I love a good jigsaw puzzle, and in my opinion, there’s a right way to put one together.
Step 1. Start by separating the outside edge pieces from all the others.
Step 2. Using the edge pieces, build the frame of the puzzle.
Step 3. Separate all the remaining pieces into piles based on similar colors or shapes.
Step 4. Using the image of the completed puzzle, start one section at a time and build to the finish.
If you do it differently, I’d love to hear about it, but this is the way my mother taught me, which does, in my opinion, make it the right way.
When the kids were younger, a puzzle would often be on the dining room table, and we would work on it collaboratively with a caveat: everyone wanted to put the last piece in place and be responsible for its completion. This would result in pieces being hidden in bedrooms, pant pockets, and other random places so that when there was only a single space left, the holder of the final piece would claim responsibility for finishing the puzzle.
There is something special about the final piece of the puzzle.
There have been countless moments that have felt like completion was one piece away. Those sentences that begin with “If I only had” or “All we need” pave the way to discovery sessions, strategic plans, goal setting, new year resolutions, and a variety of other activities that metaphorically mirror looking in bedrooms and pant pockets for the last piece of the puzzle that is seemingly keeping completion just out of reach. Each carefully crafted and intentionally curated solution was close but not quite right, or if it did indeed fit perfectly, it exposed a space that I somehow missed, which meant there was more work to be done.
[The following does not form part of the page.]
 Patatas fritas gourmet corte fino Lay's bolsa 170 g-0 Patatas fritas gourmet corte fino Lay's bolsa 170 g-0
Over time, my identity, my self-worth, began to form around this ability to see what is missing and find a way to fill the gap.
Professionally, this plays well in many spaces, and it served me in entrepreneurship, organizational leadership, politics, and creative expression. When you can be the person who can not only see what is not there but help others see what could be and then co-create the perfect piece to fill the gap, you become magical, needed, and important. This is also an exhausting and extractive way to benefit from this ability, as you end up creating codependent relationships with people and organizations.
The relentless pursuit of the missing piece is a siren song, luring us with the promise of wholeness just beyond our grasp. It’s a relentless cycle of “doing,” a continuous act of searching and acquiring that mirrors a leader’s desire to find the right solutions and articulate the perfect vision. We operate from a fundamental assumption that we are broken puzzles, scattered pieces waiting to be assembled into a picture of worthiness. This belief, this deeply ingrained narrative of incompleteness, is the most profound missing piece of all. It’s the illusion we create and then spend our lives trying to solve, a habit of mind that mirrors the need to be the one to place the final piece, to claim credit for a puzzle’s completion.
My ability to thrive in the various roles I’ve held was largely contingent on how well I could craft these pieces to fit into presumed holes or in other words, problem solve. Professionally, I benefited from this way of being as it led to leadership opportunities and career growth that brought both influence and income. What it didn’t bring was stillness, what it didn’t bring was peace and what it required was to consistently see the wrong in the world so that my value could be reinforced in pointing toward the right.
It was during my time working in philanthropy that I realized that ultimately the only people who benefit from seeing things as incomplete are those who possess the resources to fill in these perceived holes and in turn can incentivize others to do that work for them.
When you no longer are working to fill the hole that someone created, you have the space to pause and witness the wholeness of creation.